Emmanuel Macron: The entrepreneur-friendly European advocate
Macron’s program suggests that he wants to introduce the Nordic model in France. The core of this model is a combination of structural reforms that make the economy more flexible and provide government incentives to increase investment. Macron plans to reduce government spending by €60bn over five years, which is partly due to the elimination of 120,000 jobs in the public sector. It also plans to reduce taxes and an investment plan of €50bn. It therefore places particular emphasis on the need to improve France’s competitiveness and promote innovation. His program includes numerous business-friendly measures. On the tax side, he has promised a reduction in corporation tax from 33.3% to 25% (the European average) and a reduction in labour costs.
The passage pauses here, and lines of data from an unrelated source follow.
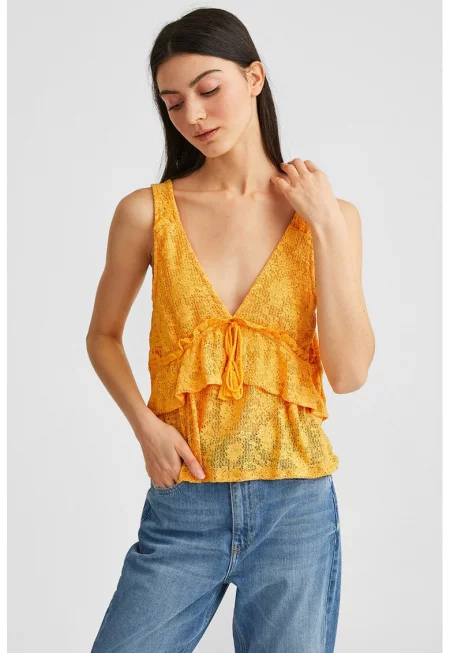 Дантелен топ с дипли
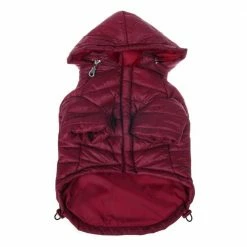 X-Large Burgundy Red Lightweight Adjustable Sporty Avalanche Dog Coat with Removable Pop Out Collared Hood by PET LIFE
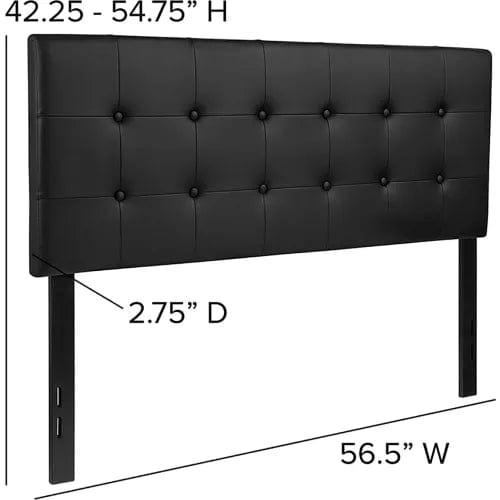 Centerline Dynamics Beds & Headboards Lennox Tufted Upholstered Full Size Headboard - Vinyl - Black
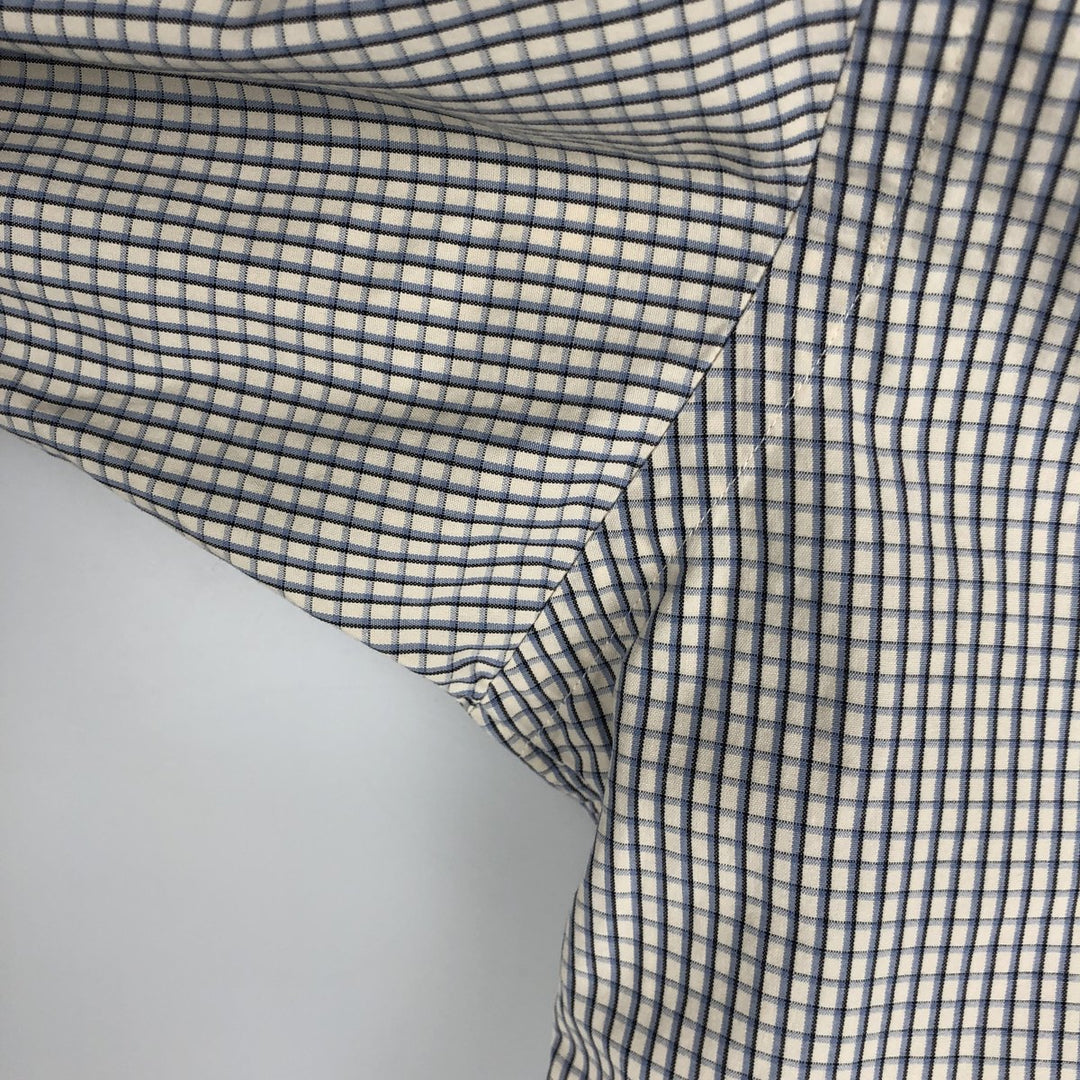 Ralph Lauren BLAKE long sleeve button down check shirt, men's size L cotton ivory Vintage Second Hand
The environmental taxes are also likely to rise. 80% of the households would be exempted from the tax on capital; capital gains should be taxed at a flat rate of 30%. Macron predicts an unemployment rate of about 7% (3% points lower than currently) by 2022, which would lead to significant tax cuts. An important aspect of reducing unemployment is the Macron training program. He also advocates more flexibility in the labour market and more flexible working hours.
At the European level, Macron’s election victory could lead to a strengthening of the Franco-German axis, which is the driving force behind European integration. Among all presidential candidates, Macron is the biggest advocate of the European Union. If he becomes president, this could increase the acceptance of politicians across the EU. Macron calls for greater integration by creating a suitable European management structure with its own budget and fiscal policy. He also wants to set European social rights, including minimum standards for minimum wages, unemployment insurance and occupational training requirements.
Restricted power of the president without a majority in parliament
The possibility that Le Pen winning the second round of the presidential elections is very slim, but it cannot be ruled out. If she becomes the president, we expect immediate capital flight into low-risk investment classes due to their ideas of restoring France’s sovereignty and its attitude towards Europe in the financial markets. In France, as a result of cohabitation, the reform dynamics would come to an end as expected. In addition, the French president has a lot of power in foreign policy, and Le Pen is unlikely to co-operate with the German Chancellor. This will deprive Europe of the urgently needed further progress with regard to a fiscal and banking unions, which will ultimately affect its stability.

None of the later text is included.